PROBLEM DESCRIPTION: Your reply should contain every record, restated word for word.

───── PROVIDED RECORDS

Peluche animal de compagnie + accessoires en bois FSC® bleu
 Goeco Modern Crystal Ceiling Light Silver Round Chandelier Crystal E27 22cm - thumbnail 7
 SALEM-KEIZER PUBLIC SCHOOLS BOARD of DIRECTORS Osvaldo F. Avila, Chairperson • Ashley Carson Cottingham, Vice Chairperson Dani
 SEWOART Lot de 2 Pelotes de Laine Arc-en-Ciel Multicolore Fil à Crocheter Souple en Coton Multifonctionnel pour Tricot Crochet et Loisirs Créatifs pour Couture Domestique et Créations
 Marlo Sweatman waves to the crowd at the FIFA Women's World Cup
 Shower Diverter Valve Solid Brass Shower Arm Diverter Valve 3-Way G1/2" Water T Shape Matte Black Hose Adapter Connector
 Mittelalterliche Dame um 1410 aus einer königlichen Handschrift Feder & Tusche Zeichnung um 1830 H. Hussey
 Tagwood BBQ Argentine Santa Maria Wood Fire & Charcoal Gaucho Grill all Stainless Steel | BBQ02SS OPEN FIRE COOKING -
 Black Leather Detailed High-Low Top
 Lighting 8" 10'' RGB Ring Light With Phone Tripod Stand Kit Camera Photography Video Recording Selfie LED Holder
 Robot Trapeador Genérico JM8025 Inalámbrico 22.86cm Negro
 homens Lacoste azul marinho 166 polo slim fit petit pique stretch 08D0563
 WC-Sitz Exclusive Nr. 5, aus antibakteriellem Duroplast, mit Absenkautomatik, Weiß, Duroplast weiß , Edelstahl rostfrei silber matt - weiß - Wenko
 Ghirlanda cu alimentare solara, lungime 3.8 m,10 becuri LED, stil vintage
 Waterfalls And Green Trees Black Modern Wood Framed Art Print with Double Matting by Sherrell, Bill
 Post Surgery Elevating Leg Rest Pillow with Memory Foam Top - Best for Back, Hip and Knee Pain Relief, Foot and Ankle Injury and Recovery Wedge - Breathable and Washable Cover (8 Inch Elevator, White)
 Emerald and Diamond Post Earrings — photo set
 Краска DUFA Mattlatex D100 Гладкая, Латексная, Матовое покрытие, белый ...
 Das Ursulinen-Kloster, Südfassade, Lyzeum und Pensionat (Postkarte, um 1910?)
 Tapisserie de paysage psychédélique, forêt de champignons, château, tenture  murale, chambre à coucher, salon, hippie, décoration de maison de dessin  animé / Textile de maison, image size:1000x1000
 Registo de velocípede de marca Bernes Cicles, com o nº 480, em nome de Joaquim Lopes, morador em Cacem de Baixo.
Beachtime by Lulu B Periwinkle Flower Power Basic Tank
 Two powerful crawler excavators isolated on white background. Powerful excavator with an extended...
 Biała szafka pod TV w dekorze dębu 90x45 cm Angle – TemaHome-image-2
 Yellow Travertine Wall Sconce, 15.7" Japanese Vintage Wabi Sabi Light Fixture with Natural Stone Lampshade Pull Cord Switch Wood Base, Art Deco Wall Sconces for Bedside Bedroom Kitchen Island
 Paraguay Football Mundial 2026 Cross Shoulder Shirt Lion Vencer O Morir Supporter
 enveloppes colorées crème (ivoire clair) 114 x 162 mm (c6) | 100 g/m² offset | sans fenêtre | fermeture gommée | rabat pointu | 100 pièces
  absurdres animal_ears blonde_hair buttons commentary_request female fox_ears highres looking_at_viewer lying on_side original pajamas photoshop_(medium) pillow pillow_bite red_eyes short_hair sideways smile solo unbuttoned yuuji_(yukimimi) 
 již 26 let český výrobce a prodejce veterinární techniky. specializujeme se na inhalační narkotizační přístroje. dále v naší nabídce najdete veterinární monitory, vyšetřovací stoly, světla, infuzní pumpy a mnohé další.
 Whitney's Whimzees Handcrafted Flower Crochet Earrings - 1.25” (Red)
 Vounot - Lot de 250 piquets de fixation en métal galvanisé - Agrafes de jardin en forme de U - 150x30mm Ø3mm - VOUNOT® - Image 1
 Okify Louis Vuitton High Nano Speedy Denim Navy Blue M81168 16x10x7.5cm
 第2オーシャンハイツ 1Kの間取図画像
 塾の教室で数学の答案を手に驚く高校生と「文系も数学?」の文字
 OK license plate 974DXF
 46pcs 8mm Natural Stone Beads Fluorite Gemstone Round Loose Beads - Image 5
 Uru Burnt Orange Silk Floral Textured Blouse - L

──────────

OUTPUT:
Peluche animal de compagnie + accessoires en bois FSC® bleu
 Goeco Modern Crystal Ceiling Light Silver Round Chandelier Crystal E27 22cm - thumbnail 7
 SALEM-KEIZER PUBLIC SCHOOLS BOARD of DIRECTORS Osvaldo F. Avila, Chairperson • Ashley Carson Cottingham, Vice Chairperson Dani
 SEWOART Lot de 2 Pelotes de Laine Arc-en-Ciel Multicolore Fil à Crocheter Souple en Coton Multifonctionnel pour Tricot Crochet et Loisirs Créatifs pour Couture Domestique et Créations
 Marlo Sweatman waves to the crowd at the FIFA Women's World Cup
 Shower Diverter Valve Solid Brass Shower Arm Diverter Valve 3-Way G1/2" Water T Shape Matte Black Hose Adapter Connector
 Mittelalterliche Dame um 1410 aus einer königlichen Handschrift Feder & Tusche Zeichnung um 1830 H. Hussey
 Tagwood BBQ Argentine Santa Maria Wood Fire & Charcoal Gaucho Grill all Stainless Steel | BBQ02SS OPEN FIRE COOKING -
 Black Leather Detailed High-Low Top
 Lighting 8" 10'' RGB Ring Light With Phone Tripod Stand Kit Camera Photography Video Recording Selfie LED Holder
 Robot Trapeador Genérico JM8025 Inalámbrico 22.86cm Negro
 homens Lacoste azul marinho 166 polo slim fit petit pique stretch 08D0563
 WC-Sitz Exclusive Nr. 5, aus antibakteriellem Duroplast, mit Absenkautomatik, Weiß, Duroplast weiß , Edelstahl rostfrei silber matt - weiß - Wenko
 Ghirlanda cu alimentare solara, lungime 3.8 m,10 becuri LED, stil vintage
 Waterfalls And Green Trees Black Modern Wood Framed Art Print with Double Matting by Sherrell, Bill
 Post Surgery Elevating Leg Rest Pillow with Memory Foam Top - Best for Back, Hip and Knee Pain Relief, Foot and Ankle Injury and Recovery Wedge - Breathable and Washable Cover (8 Inch Elevator, White)
 Emerald and Diamond Post Earrings — photo set
 Краска DUFA Mattlatex D100 Гладкая, Латексная, Матовое покрытие, белый ...
 Das Ursulinen-Kloster, Südfassade, Lyzeum und Pensionat (Postkarte, um 1910?)
 Tapisserie de paysage psychédélique, forêt de champignons, château, tenture  murale, chambre à coucher, salon, hippie, décoration de maison de dessin  animé / Textile de maison, image size:1000x1000
 Registo de velocípede de marca Bernes Cicles, com o nº 480, em nome de Joaquim Lopes, morador em Cacem de Baixo.
Beachtime by Lulu B Periwinkle Flower Power Basic Tank
 Two powerful crawler excavators isolated on white background. Powerful excavator with an extended...
 Biała szafka pod TV w dekorze dębu 90x45 cm Angle – TemaHome-image-2
 Yellow Travertine Wall Sconce, 15.7" Japanese Vintage Wabi Sabi Light Fixture with Natural Stone Lampshade Pull Cord Switch Wood Base, Art Deco Wall Sconces for Bedside Bedroom Kitchen Island
 Paraguay Football Mundial 2026 Cross Shoulder Shirt Lion Vencer O Morir Supporter
 enveloppes colorées crème (ivoire clair) 114 x 162 mm (c6) | 100 g/m² offset | sans fenêtre | fermeture gommée | rabat pointu | 100 pièces
  absurdres animal_ears blonde_hair buttons commentary_request female fox_ears highres looking_at_viewer lying on_side original pajamas photoshop_(medium) pillow pillow_bite red_eyes short_hair sideways smile solo unbuttoned yuuji_(yukimimi) 
 již 26 let český výrobce a prodejce veterinární techniky. specializujeme se na inhalační narkotizační přístroje. dále v naší nabídce najdete veterinární monitory, vyšetřovací stoly, světla, infuzní pumpy a mnohé další.
 Whitney's Whimzees Handcrafted Flower Crochet Earrings - 1.25” (Red)
 Vounot - Lot de 250 piquets de fixation en métal galvanisé - Agrafes de jardin en forme de U - 150x30mm Ø3mm - VOUNOT® - Image 1
 Okify Louis Vuitton High Nano Speedy Denim Navy Blue M81168 16x10x7.5cm
 第2オーシャンハイツ 1Kの間取図画像
 塾の教室で数学の答案を手に驚く高校生と「文系も数学?」の文字
 OK license plate 974DXF
 46pcs 8mm Natural Stone Beads Fluorite Gemstone Round Loose Beads - Image 5
 Uru Burnt Orange Silk Floral Textured Blouse - L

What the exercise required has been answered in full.